Effects of glycosylation on protein structure and dynamics in ribonuclease B and some of its individual glycoforms

In an attempt to elucidate the role of carbohydrates on protein structure and dynamics in glycoproteins, ribonuclease B (RNase B), containing a single glycosylation site at Asn34, has been investigated and compared with the enzyme in the unglycosylated form (RNase A). RNase B consists of five glycoforms: Man 5 GlcNAc 2 , Man 6 GlcNAc 2 , Man 7 GlcNAc 2 , Man 8 GlcNAc 2 and Man 9 GlcNAc 2 (Man 5–9 GlcNAc 2 ). The individual glycoforms Man 1 GlcNAc 2 (synthetic) and Man 5 GlcNAc 2 of RNase B have been studied to ascertain any specific effects of the different oligosaccharides. NMR measurement of amide‐proton/deuterium exchange rates shows that glycosylation of the enzyme leads to the protection of amide‐proton resonances from solvent exchange for a large number of residues, both in the vicinity of the glycosylation site (e.g. residues 29–34 and 35) and remote from it (e.g. residues 57–61 and 75–76). In addition, residues 10–13, 32, 34 and 35, which are observed to be protected from exchange as a result of glycosylation in the individual glycoforms Man 1 GlcNAc 2 ‐RNase and Man 5 GlcNAc 2 ‐RNase (when compared with RNase A) are less protected in RNase B. This additional protection in the glycoforms Man 1 GlcNAc 2 ‐RNase and Man 5 GlcNAc 2 ‐RNase may arise from steric hindrance between the oligosaccharide and protein reducing solvent accessibility.

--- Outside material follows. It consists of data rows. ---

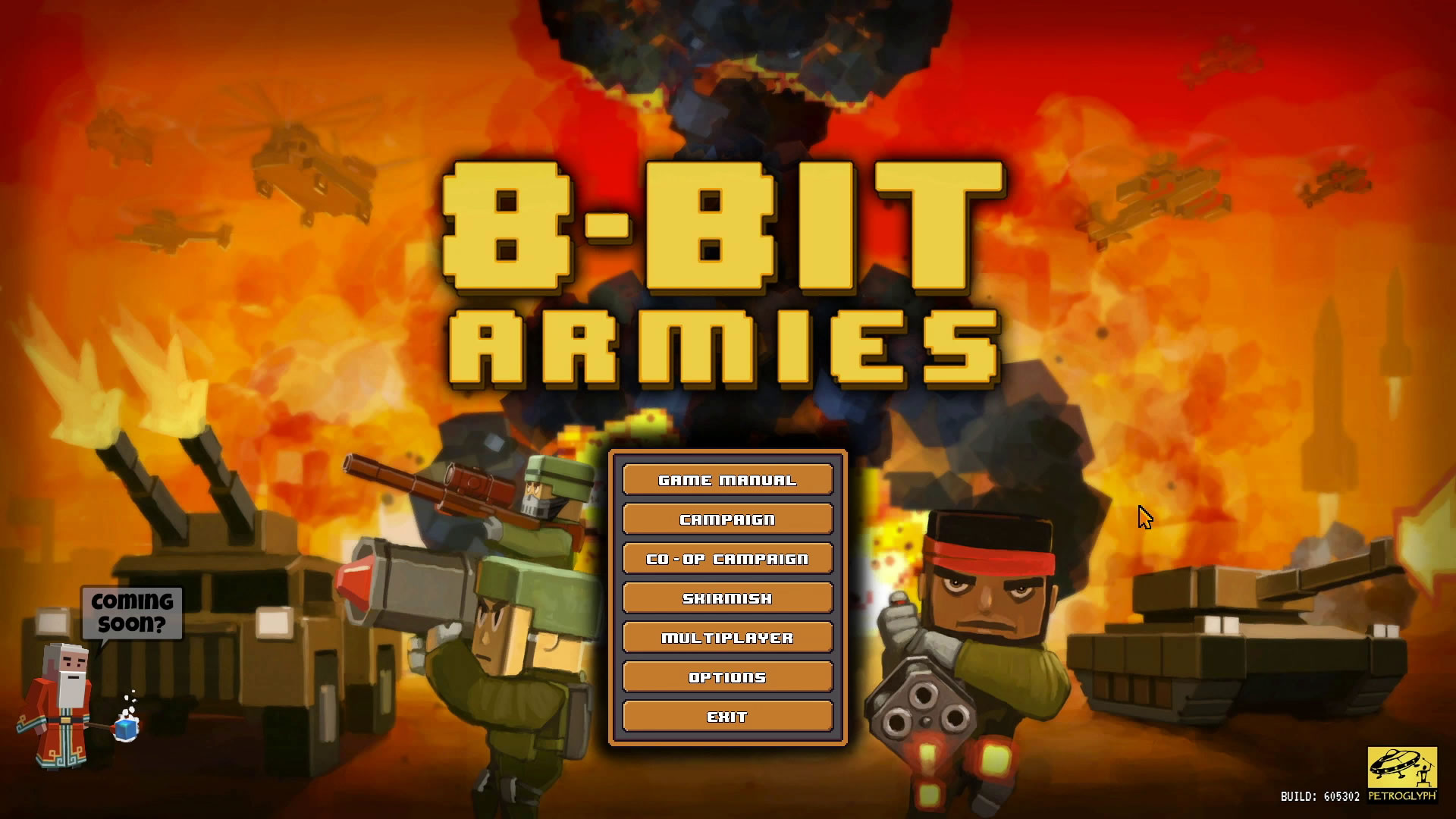 8-Bit Armies – Let’s Play: BETA Singleplayer Mission 1 – GREEN MAN
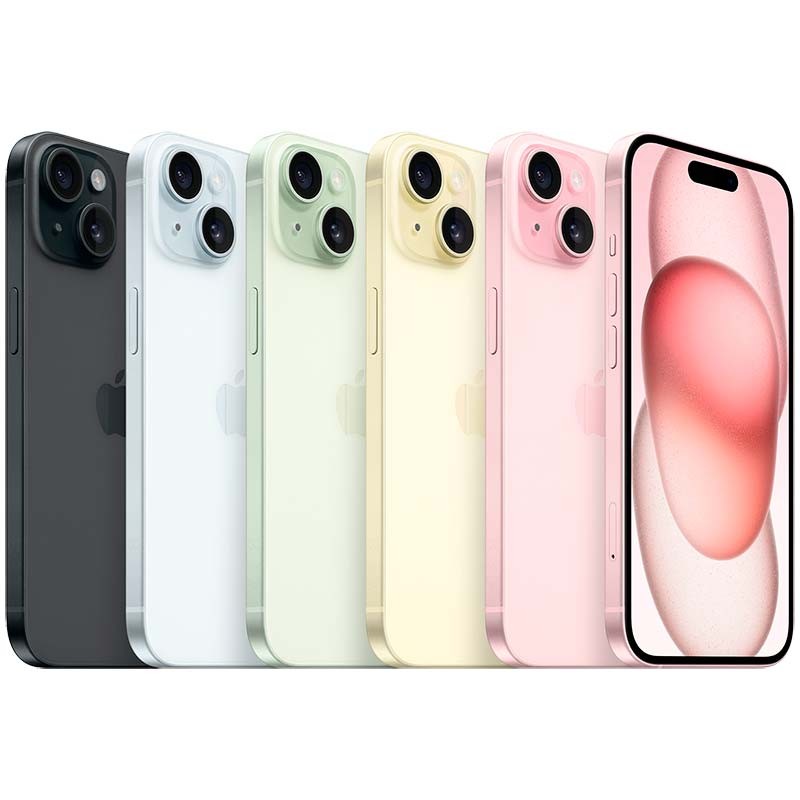 iPhone 15 5G 512GB Amarillo
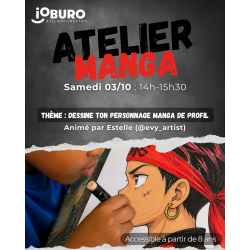 Atelier Manga - Dessine ton...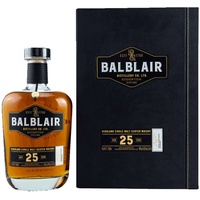 Balblair 25 Years Old Single Malt Scotch Whisky
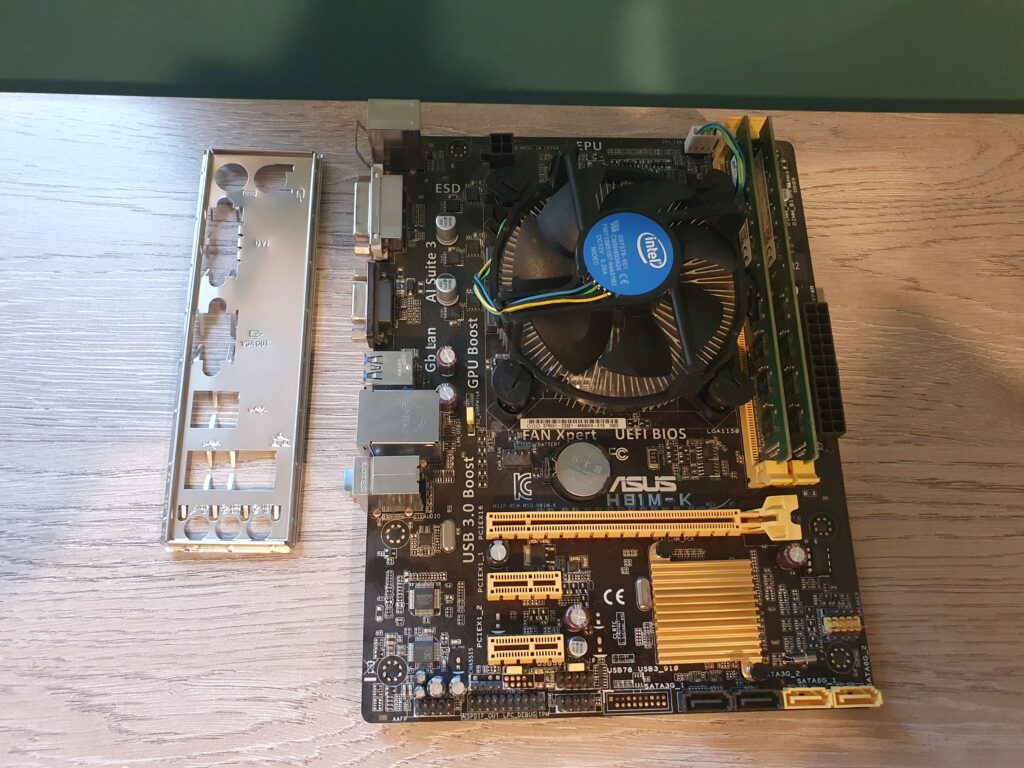 Upgradeset - Asus H81M-K - i5 4460 - 16GB DDR3 - Afbeelding 5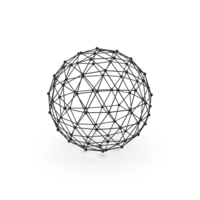 Network Sphere PNG & PSD Images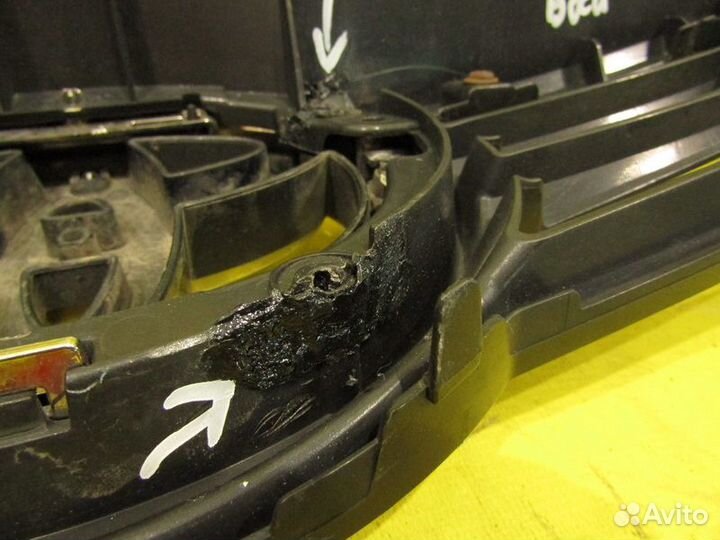 Решетка радиатора Totyota Camry 50 15-18г 39044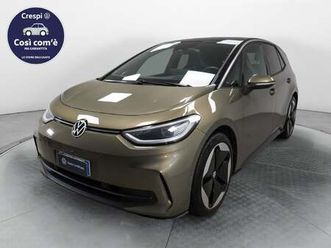 volkswagen id.3 pro performance active del 2023 usata a carnago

The rates of solvent exchange of amide protons for residues 10–13, 32, 34 and 35 are dependent on the oligosaccharide moiety. The average amide‐proton/deuterium exchange rate in Man 6–9 GlcNAc 2 ‐ribonucleases for residues 10–13 and 35 is approximately three times greater than Man 5 GlcNAc 2 ‐ribonuclease, while for residues 32 and 34 it is approximately 7–11 times greater. CD analysis of RNase A and RNase B revealed the carbohydrate moiety to have a small stabilizing effect (approximately 5 kJ/mol) on the protein.